Jesus here speaks of His joy of being one with His bride, the Church. The marriage of Christ and His Church is consummated in Holy Baptism and strengthened in Holy Communion. And one day, the groom will come to take His bride into His home for all eternity.

John saw this in one of the visions he had while on the island of Patmos, where he records, “I saw the Holy City, the new Jerusalem, coming down out of heaven from God, prepared as a bride beautifully dressed for her husband.” (Revelation 21:2)

The Church then, including Living Water Lutheran Church, is a big deal, an eternal fellowship. That’s why Rainer writes, “Church membership is a gift. A gift must be treasured. It should not be taken for granted or considered lightly. Because it is a gift, we must always be thankful for it. And when we are thankful for something, we have less time and energy to be negative.”

The Church ultimately is the fellowship of believers in Jesus in which we learn that Christian faith is not about me, it’s about us as a community of believers submissive to Christ whose only mission is to invite and welcome “outsiders” into that same community so that, believing in Jesus, they too will have life with God.

That’s a truth that we cannot and will not learn apart from the fellowship of the Church Jesus established through His apostles and their successors.

The crucified and risen Jesus tells His Church, “Whoever believes and is baptized will be saved, but whoever does not believe will be condemned.” (Mark 16:16)

The Church then is a gift because through it, we learn and build our lives around the truth of the gospel that God gives new and everlasting life to all who daily turn from sin and daily follow Jesus...and then, by His Holy Spirit, empowers us to grow each day in the likeness of the Lord Who died and rose for sinners like us.
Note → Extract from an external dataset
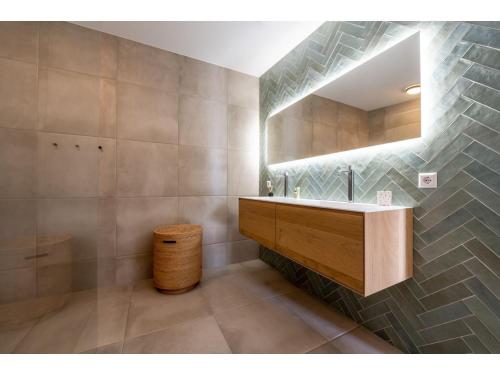ein Bad mit einem Waschbecken und einem Spiegel in der Unterkunft completely newly built modern holiday home in a quiet location in Kamperland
When you have the gift of Christ and the Church that can never be taken from those who believe, you then can keep giving those gifts away--Christ and the Church. And as that happens, not only will more people be given the chance to know Christ, follow Christ, and share Christ with others, those same people--new believers in Jesus--will join us in sharing our free gifts of life with Christ and His Church with others.

The apostle Peter was one of the first to be sent out to invite others to receive the gifts of Christ and Church. One day at the temple, Peter encountered a lame man begging for money and told the man, “Silver or gold I do not have, but what I do have I give you. In the name of Jesus Christ of Nazareth, walk.” (Acts 3:6) Peter claimed that he could offer prayer and new life in Jesus’ name and Jesus underscored the validity of Peter’s words by also giving the man the ability to walk and jump once again. That was because Peter was part of Christ’s Church. And you can bet that that formerly lame man was anxious to hear all about Peter’s church after that.

Are we treasuring Christ’s Church enough to respect those with whom we disagree in our congregation?

Or, do we speak of them and treat them like the refuse that some politicians claim their opponents to be?

Are we Lucy Van Pelt Christians?

Or do we love our sisters and brothers in Christ in this church? Do we pray for them, speak well of them, encourage them?

Treasure your church; after all, if we’re saved by grace through faith in Christ, all of the people in every local church of which you may be a part, are people with whom you’re going to spend eternity! Better to learn to love them now than wait until Jesus returns.

And if we don’t learn to love them now, it may be too late to learn after Jesus comes back and time has run out for us to repent for our half-hearted discipleship. Now you are the body of Christ, and each one of you is a part of it.” Let’s live out that truth with gratitude and love for one another. Amen


[I'm the pastor of Living Water Lutheran Church in Centerville, Ohio.]